Provost Richard Locke P’17 announced the creation of the Task Force on Diversity in the Curriculum Thursday in a community-wide email. The group is charged with evaluating how the University can stay true to commitments to inclusivity set forward in the Diversity and Inclusion Action Plan unveiled by President Christina Paxson P’19 Feb. 1.
The provost’s task force will be chaired by Maud Mandel, dean of the College, and includes a number of faculty members from a variety of departments as well as two undergraduate student representatives.
Some of the largest departments are represented on the task force, which includes members of the biology, economics and engineering departments. The committee will also include Tony Bogues, director of the Center for the Study of Slavery and Justice and professor of Humanities and Critical Theory, and Nancy Khalek, interim director of the Center for the Study of Race and Ethnicity in America and associate professor of religious studies.
The DIAP stipulated that the task force be formed to move “diversity-related intellectual questions to the center of the curriculum,” according to the Office of the Provost’s website.
The group has a number of charges centered on determining how the University, its faculty and curriculum are promoting “inclusive classroom practices” and where there is room for improvement in that regard.

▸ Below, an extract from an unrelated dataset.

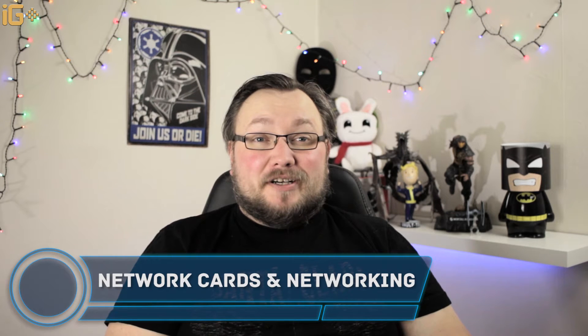Hello and welcome to the iGameOver channel. This is the Computer Parts Explained series, and this is the last part. Today we'll be talking about network cards.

Reevaluation of existing programs is also a tenet of the task force’s charge. The Diverse Perspectives in Liberal Learning courses will be assessed with special consideration as to whether or not they meet “Brown’s current goals regarding curricular needs,” according to the Office of the Provost’s website.

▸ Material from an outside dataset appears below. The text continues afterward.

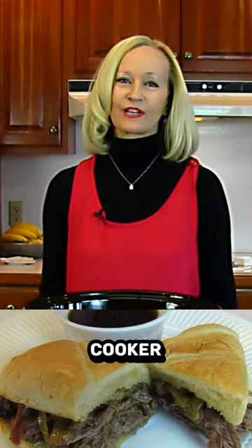Hi, I'm Betty. Welcome to Betty's Kitchen. Today we're making slow cooker French dip sandwiches.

Founded in 2002, the DPLL program was originally intended to ensure that students not only “understand the complex dynamics of social inequity, exclusion and difference” but also “do something with what they learn,” according to the site.
DPLL courses were previously labelled as “American Minority Perspectives,” and the name change reflects the University’s effort to effectively label classes that deal with questions of “power, privilege, racism, diversity and inclusion,” Mandel told The Herald.
The group will also review sophomore seminars to evaluate how they “encourag(e) student engagement with questions of diversity and inclusion,” according to the provost’s website.
It’s unclear whether or not DPLL or similar courses will be enforced mandatorily, a demand made by student activists in response to an initial draft of the DIAP, The Herald previously reported.
“That is not listed as one of the specific tasks that the committee is investigating,” Mandel said. But she noted that discussion of course requirements within the task force is “inevitable” considering discourse on the issue last semester.
One line of the email notes that the task force will determine the best practices for Brown and “elsewhere,” a section Mandel said was indicative of the broader American academic climate.
“There are other schools that have grappled with the question of diversity in the curriculum,” Mandel said, adding that looking at peer institutions is the key to discovering best practices and creative ways of thinking to address the issue.
The task force met for the first time Wednesday and will continue to meet regularly throughout the semester. Its work will culminate in a list of recommendations. Locke closed his campus-wide email by noting that he and Paxson “look forward” to reviewing the task force’s findings by fall 2016.
“The work of the task force is essential in ensuring that Brown is a richly diverse and inclusive academic community,” Locke wrote, adding that the curriculum should be defined by “academic rigor, scholarly excellence and a range of ideas and perspectives.”